Despite all the sound and fury over the fiscal cliff, you'd be hard pressed to find anyone in Washington who thinks U.S. politicians actually will pull a Thelma and Louise and drive their economy over the precipice.

After all the political energy that has been put into economic stimulus in recent years, "it's unthinkable we would have an anti-stimulus of this nature," Tony Podesta, the founder of lobby firm Podesta Group and a Democratic fundraiser, said Thursday during a panel discussion organized by the Property Casualty Insurers Association of America.

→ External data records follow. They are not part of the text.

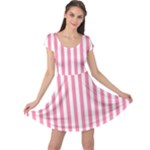 Vertical Stripes - White and Flamingo Pink Cap Sleeve Dress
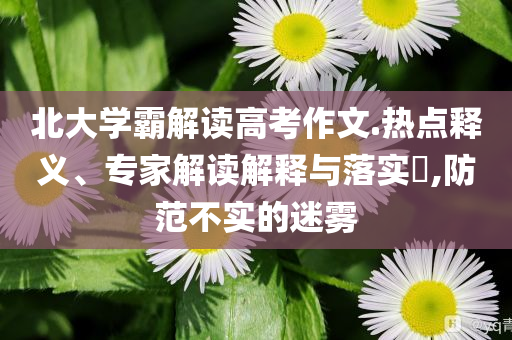 北大學(xué)霸解讀高考作文.熱點釋義、專家解讀解釋與落實?,防范不實的迷霧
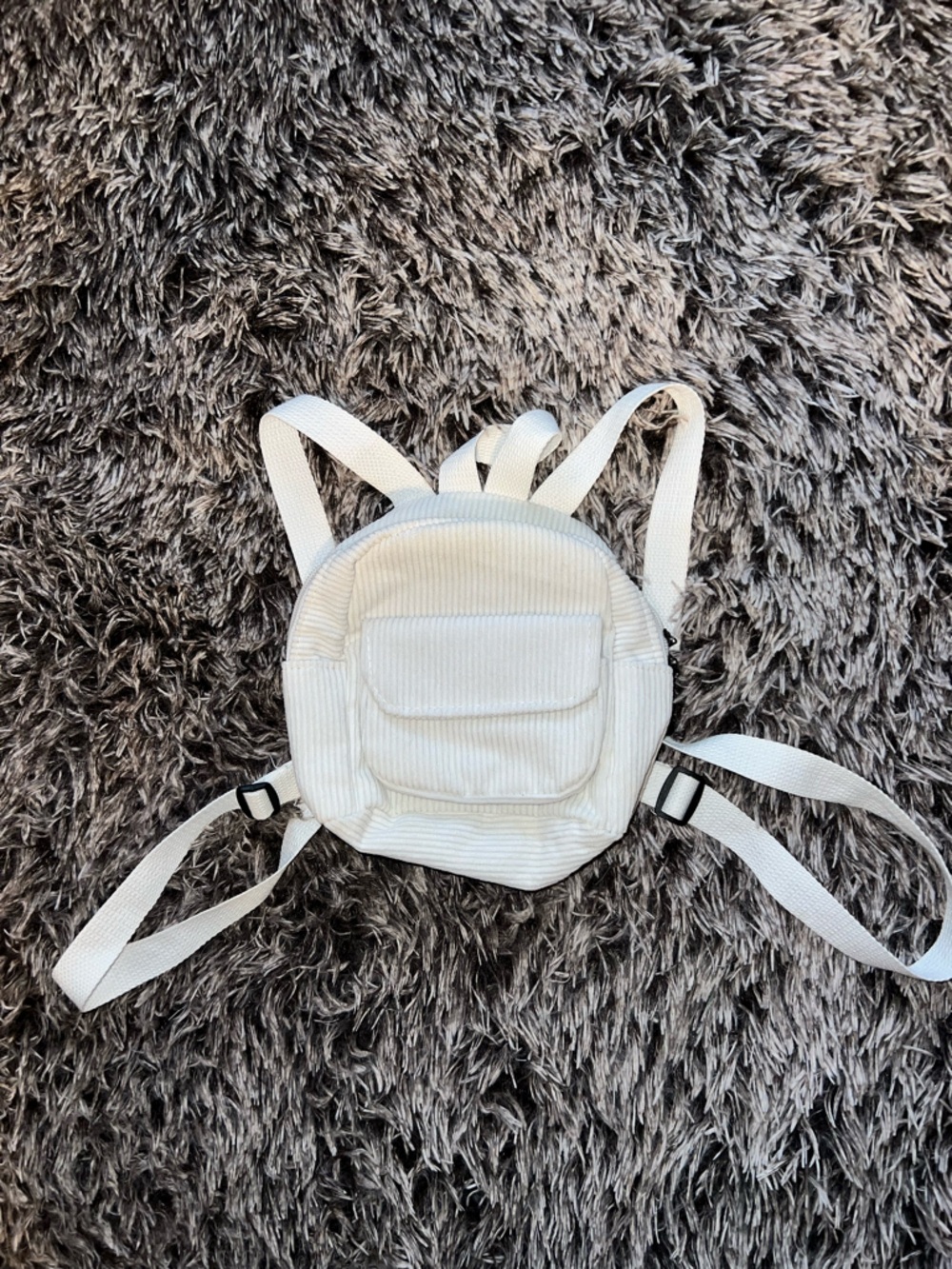 SHEIN White Mini Corduroy Backpack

This a bi-partisan point of view.

Speaking at the same event, Doug Holtz-Eakin, a former head of the Congressional Budget Office and an adviser to Republican presidential nominee Mitt Romney, said there is a "70 per cent" chance that Congress would pre-empt a combination of scheduled tax increases and spending cuts that economists say would trigger a recession if they take effect next year as planned.

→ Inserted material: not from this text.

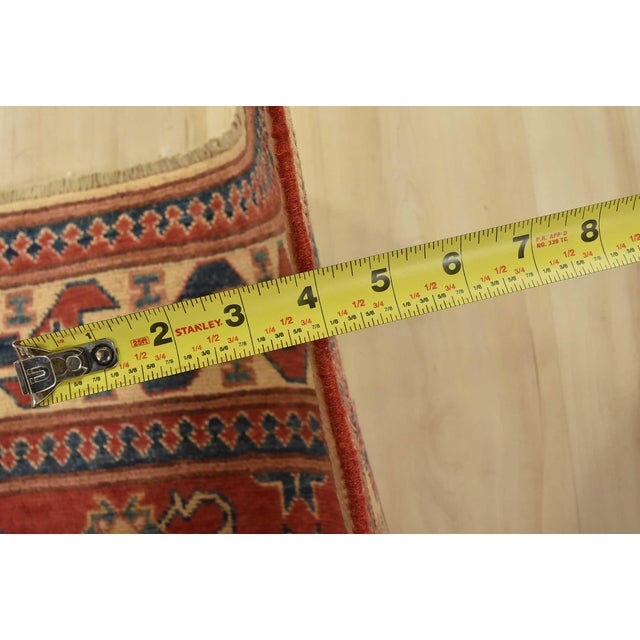 Kazak Rug 4′ X 5’4” Red Wool Tribal Hand-Knotted Oriental Carpet For Sale - Image 10 of 12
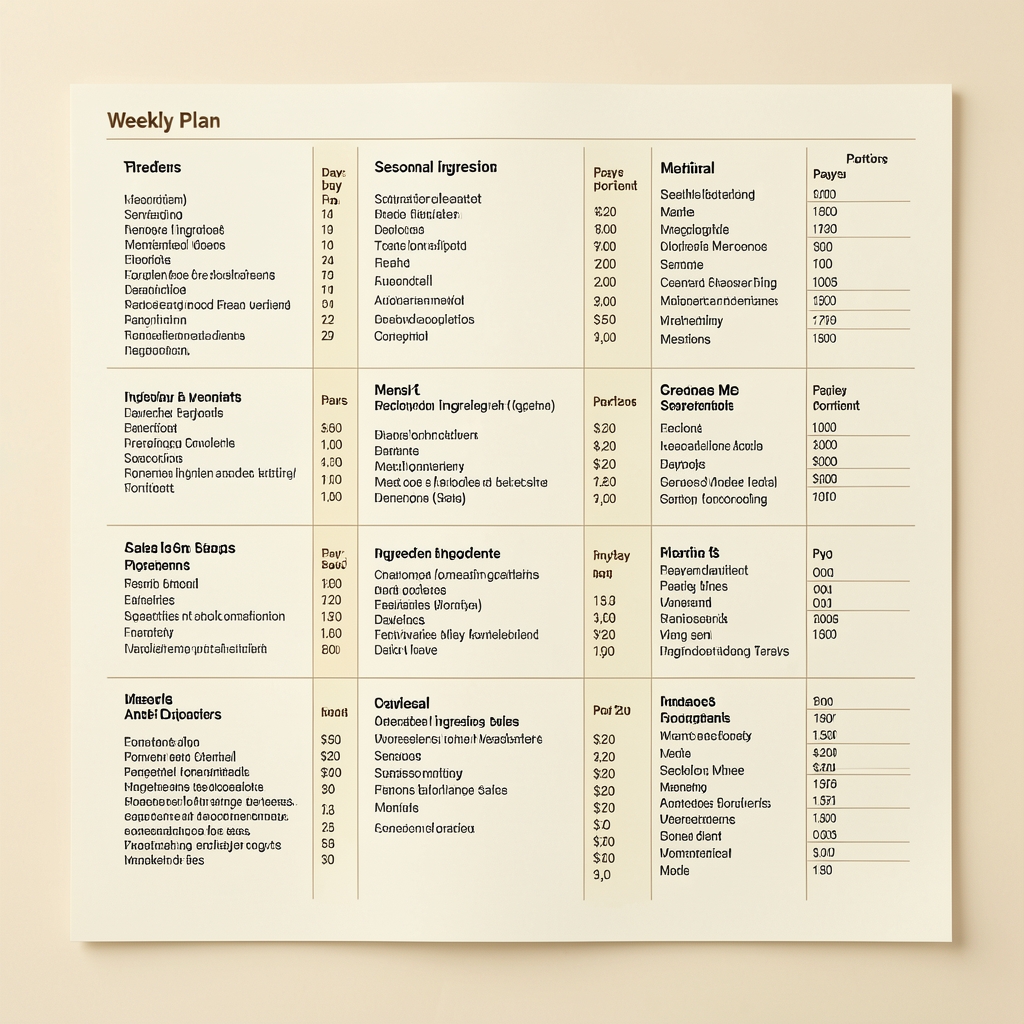 Weekly meal plan document spread showing seven days of structured meals with seasonal ingredient lists and portion annotation columns on a clean cream background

The confidence of Washington insiders is a stark contrast to the alarm displayed by those who make only irregular trips to Capitol Hill.

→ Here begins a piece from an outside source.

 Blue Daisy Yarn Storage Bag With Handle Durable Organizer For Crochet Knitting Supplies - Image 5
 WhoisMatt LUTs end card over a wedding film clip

International Monetary Fund managing director Christine Lagarde says the fiscal cliff is one of the greatest threats to the global economy. Finance Minister Jim Flaherty has expressed worry. JPMorgan Chase chief executive officer Jamie Dimon said Thursday he has set up a "war room" to deal with any fallout from a failure to secure an agreement.

"There are all of these potential outcomes and I would defy anyone to know what they are," Mr. Dimon said at an event hosted by the Council on Foreign Relations.

Messrs. Podesta and Holtz-Eakin aren't blasé about the U.S. government's enormous fiscal challenge. Congress and the White House must do something dramatic to reduce the budget deficit within the year ahead, they reckon. "We're out of time," Mr. Holtz-Eakin said.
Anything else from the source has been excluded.